Os livros do Novo Testamento, escritos originalmente em
grego, são constituídos de Evangelhos (proclamações da Boa-Nova) e Epístolas
(cartas). Primeiro, na ordem em que aparecem na Bíblia, estão os Evangelhos
chamados sinóticos (do grego synoptikos, ver o
conjunto ao mesmo tempo), porque em boa parte eles contam a mesma história da
mesma maneira. O livro intitulado Atos dos Apóstolos, que vem após o Evangelho
de São João (também denominado Quarto Evangelho) completa a imagem de Jesus
encontrada nos três Evangelhos sinóticos.
A seguir vem as Epístolas de São Paulo – os documentos mais
antigos do Novo Testamento – que foram escritas em cada caso para responder a
necessidades particulares das várias comunidades cristãs locais.
Depois das Epístolas de Paulo vêm as Epístolas Católicas.
Essas cartas são chamadas católicas, ou universais, porque não foram escritas
em vista de determinadas necessidades das igrejas locais, mas com temas
importantes para todas as comunidades cristãs.

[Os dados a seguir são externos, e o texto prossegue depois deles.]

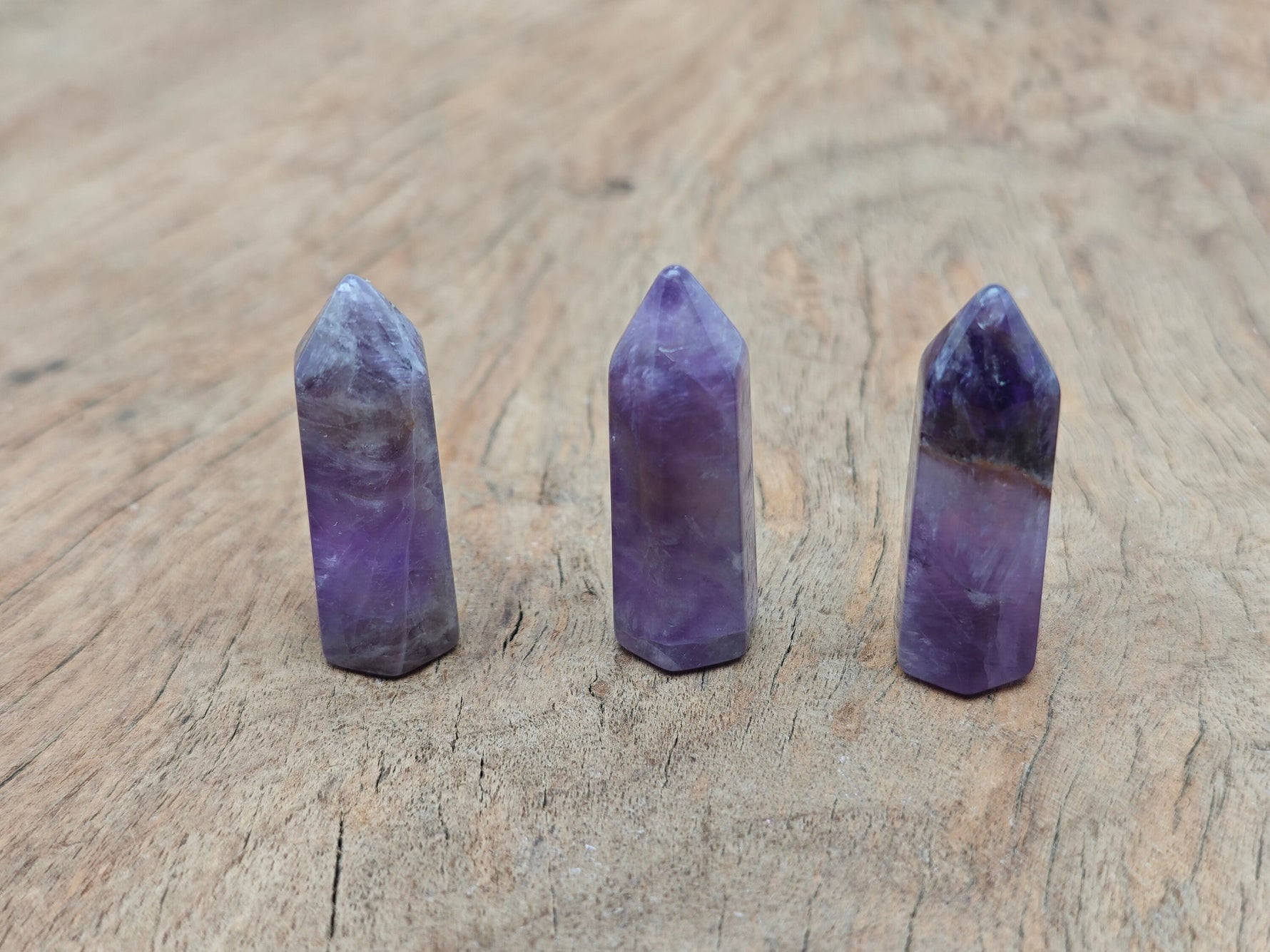 Amethyst obelisk tower crystal, 40mm, from GemstoneGO, showing purple quartz with smooth polished facets and natural crystal points.
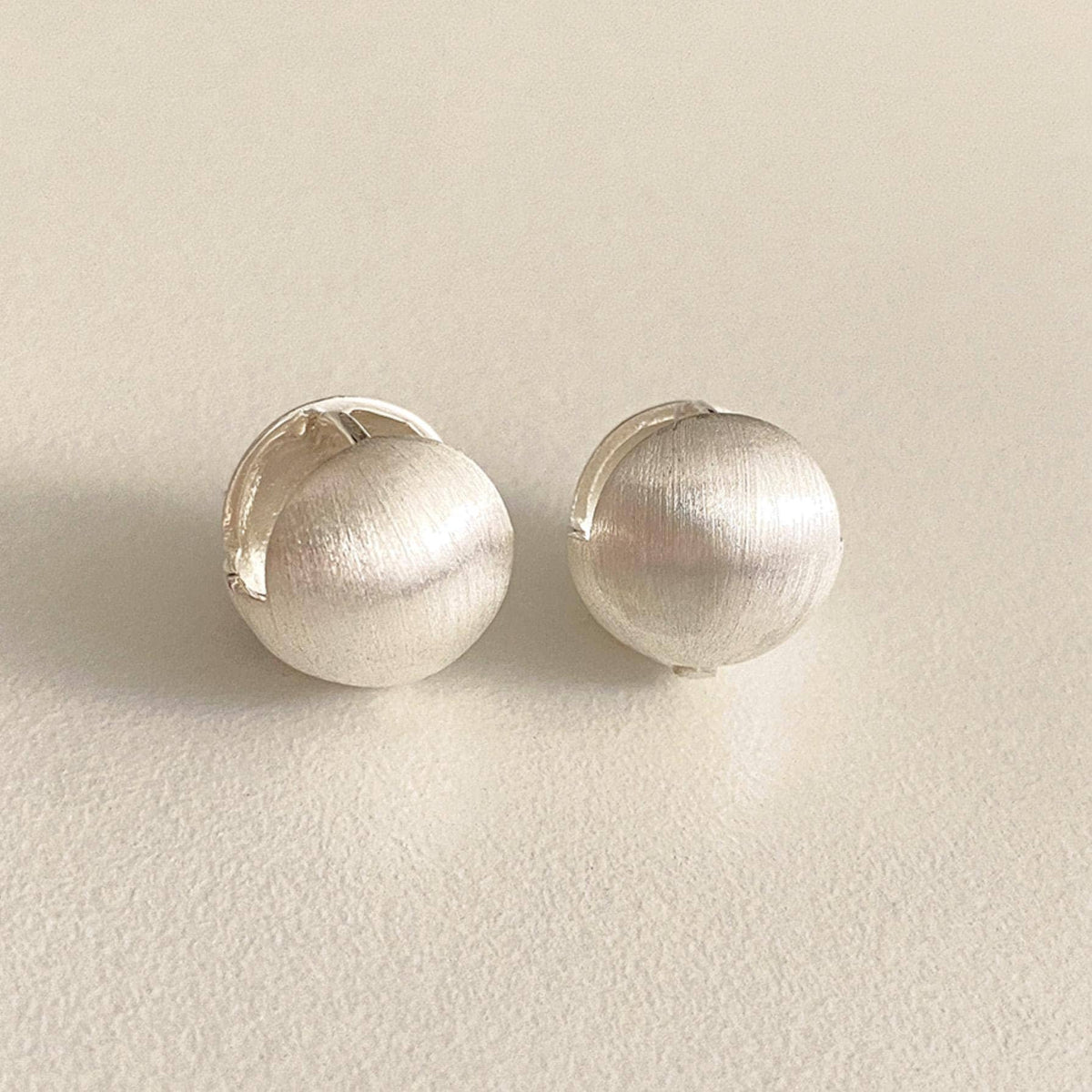 Matte Silver Ball Huggie Earrings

O último livro do Novo Testamento é o Apocalipse, mensagem
de esperança para os cristãos perseguidos, prometendo o triunfo final de Cristo
na história.
tema fundamental do Novo Testamento é Jesus Cristo. Cada
livro revela um aspecto diferente do seu mistério. Os quatro Evangelhos referem
as palavras e atos de Jesus como eram recordados e transmitidos nas primeiras
gerações da Igreja. Narram a história da sua Paixão e Morte, e o que esta morte
significa à luz da sua Ressurreição. Em certo sentido, os Evangelhos começaram com
a Ressurreição; a doutrina de Jesus e os fatos de sua vida adquiriram sentido
para os primeiros cristãos só depois da Ressurreição. Os
Evangelhos refletem a fé comum dos primeiros cristãos no Senhor que ressuscitou
e agora habita no meio de nós.
Os escritos do Novo Testamento não relatam quem Jesus era,
mas quem Ele é. Mais que meros documentos históricos, esses
escritos têm o poder de mudar a sua vida. No “espelho” do Novo Testamento você
pode encontrar Jesus Cristo. Se você aceita o que vê neste espelho, o sentido
que Jesus tem para você, na sua situação concreta, você pode também
encontrar-se consigo mesmo.
A
tradição, o Vaticano II e os Santos Padres
A Sagrada Tradição é a transmissão da Palavra de Deus. Esta
transmissão é feita oficialmente pelos sucessores dos apóstolos, e não
oficialmente por todos os que cultuam, ensinam e vivem a fé, tal como a Igreja
a entende.
Certas ideias e costumes originam-se do processo da Tradição
e se tornam meios para ela, alguns até mesmo por vários séculos. Mas um produto
da Tradição constitui um elemento básico seu, apenas quando tal produto serviu
para transmitir a fé numa forma invariável desde os primeiros séculos da
Igreja. Exemplos de elementos básicos são a Bíblia (como um instrumento
tangível usado na transmissão da fé), o Símbolo dos Apóstolos ou Credo, e as
formas básicas da liturgia da Igreja.
Numa determinada época, um produto da Tradição pode exercer
um papel especial na transmissão da fé. Os documentos dos concílios ecumênicos
são disso os principais exemplos. Concílio Ecumênico é uma assembleia oficial
de todos os bispos do mundo que estão em comunhão com o Papa, com a finalidade
de tomar decisões. Os ensinamentos de um Concílio Ecumênico – produtos da
Tradição no sentido estrito – desempenham uma função decisiva no processo da
Tradição. Os documentos do Concílio de Trento, realizado no séc. XVI,
desempenharam tal função. Assim também sucedeu com os documentos do Concílio
Vaticano I, celebrado no séc. XIX.
Nos nossos dias, os documentos do Concílio Vaticano II estão
exercendo o mesmo papel no processo da tradição. Conforme declarou o Papa Paulo
VI numa alocução de 1966. “Devemos dar graças a Deus e ter confiança no futuro
da Igreja, quando pensamos no Concílio: ele será o grande catecismo dos
nossos tempos”.
O Vaticano II fez o que a Igreja docente sempre tem feito:
expressou o conteúdo imutável da revelação, traduzindo-o para formas de
pensamento do povo de acordo com a cultura de hoje. Mas esta “tradução do
conteúdo imutável” não é como que vestir notícias velhas com linguagem nova.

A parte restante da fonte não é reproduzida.